The most important game changing behavior for longevity is simply believing that it's possible and changing your mindset right now. If your picture of being 90 involves wheelchairs, walkers, retirement homes, not remembering your own name that's probably where you're going to end up. If your vision for being 90 or 100 involves being an elder member of society, giving back to the next generation, seeing your grandkids, and showing up all the way, then it can happen.
Garnett: You are clearly a type A person who is obsessed with being the best at all aspects of life. Why is this, and what do you say to people who are type B or just not that interested in being the best they can be?
Asprey: I'm not obsessed with being the best in all aspects of life, but I believe that life is precious. You only have so much time that you're here. And if what you're doing matters, then wouldn't you want to show up all the way? Wouldn't you want to do the stuff that matters the most, especially when what matters is fun? When you're doing what you're supposed to be doing to make the world a better place, it feels good. If you're doing something that's important, and you do it with excellence and see the impact, that is one of the most rewarding things there is to being human. The pleasure and joy that comes from this kind of fulfillment is really important.
Garnett: What was the best part about writing this book? What was the most challenging?
Asprey: The hardest part of writing the book was that it was based on almost 8,000 hours of total work. We're talking about almost 500 podcast interviews - with hours of prep-work involved for each interview - then going through all the transcripts, re-interviewing some of the people and then doing the statistical analysis of their answers. And after all of this work, I needed to brainstorm and land on a through line. Doing all of this work while being a CEO, a dad, and a podcaster wasn't easy.

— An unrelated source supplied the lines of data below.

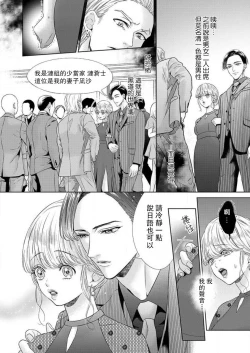 Page 11 of sazanami sōji ni shojo o sasagu ~ sā, jikkuri medemashou ka | 將身體獻給漣蒼士〜那麼就來徹底疼愛你吧 1-4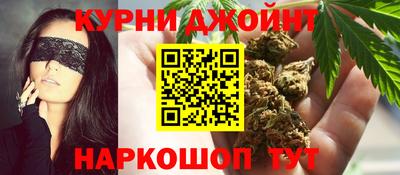 альфа пвп VHQ Обнинск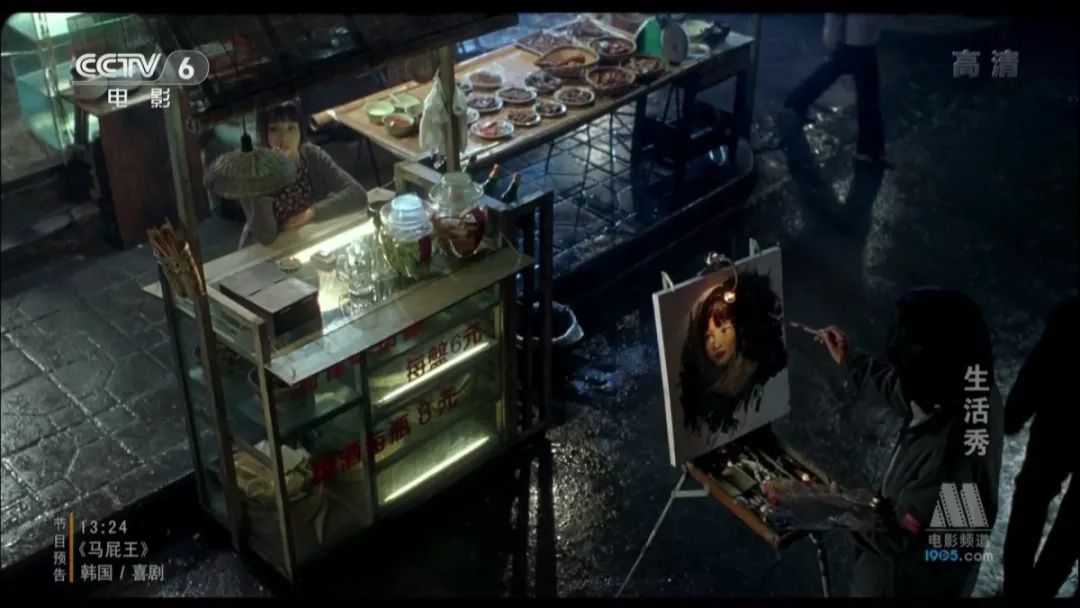 你真的了解武汉这个城市吗,你以为的武汉和实际上的武汉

The best part about this whole process was being able to structure what I've learned from all of these masters. For me, there are two ways to learn things: one is to teach a class on it and the other is to write a book about it. So, by forcing myself to do this work, I reaped the benefits.
Garnett: Which practices besides gratitude, which you talk about practicing with your kids, do you think are essential for parents or for young children.

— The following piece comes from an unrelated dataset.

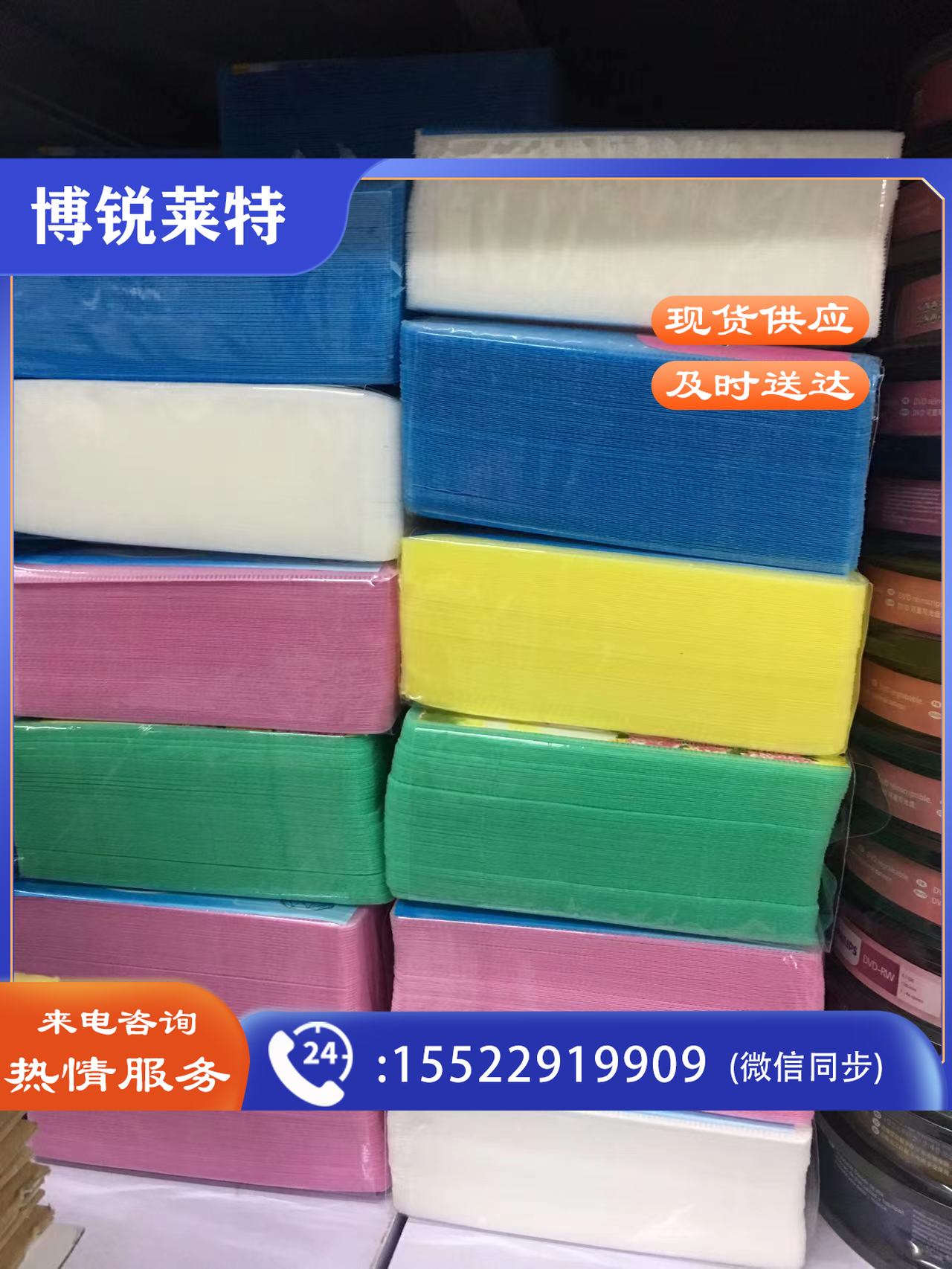 (id:328)巨联(JULIAN)加厚光盘袋 100个/包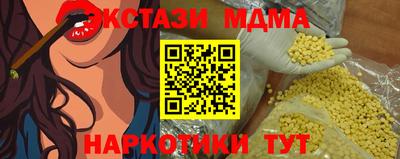 герыч Донской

Asprey: I have two kids, 9 and 11, and being a conscious parent is a huge amount of work. High performance parenting is when you're able to be present for your kids. Even when you're tired, even when you've worked a lot, even when you're sick, you need to be able to take a deep breath and still respond the right way. Which is why almost everything in Game Changers applies to being a better parent.
Garnett: What's next? I am sure your readers would love to know.
Asprey: The next book is all about what we can do to live to at least 180 and live as a productive, powerful, happy, healthy person. I'm also putting together the science and data that no one talks about that you can use to increase the amount of time you're going to live as a healthy human being. The intriguing part of that book is that if you do even just a few of the things listed, you're likely to have a higher quality of life no matter what. And if I'm right, and I think I am, you're probably going to get more years. But in the worst case, you'll simply have better years instead of more years.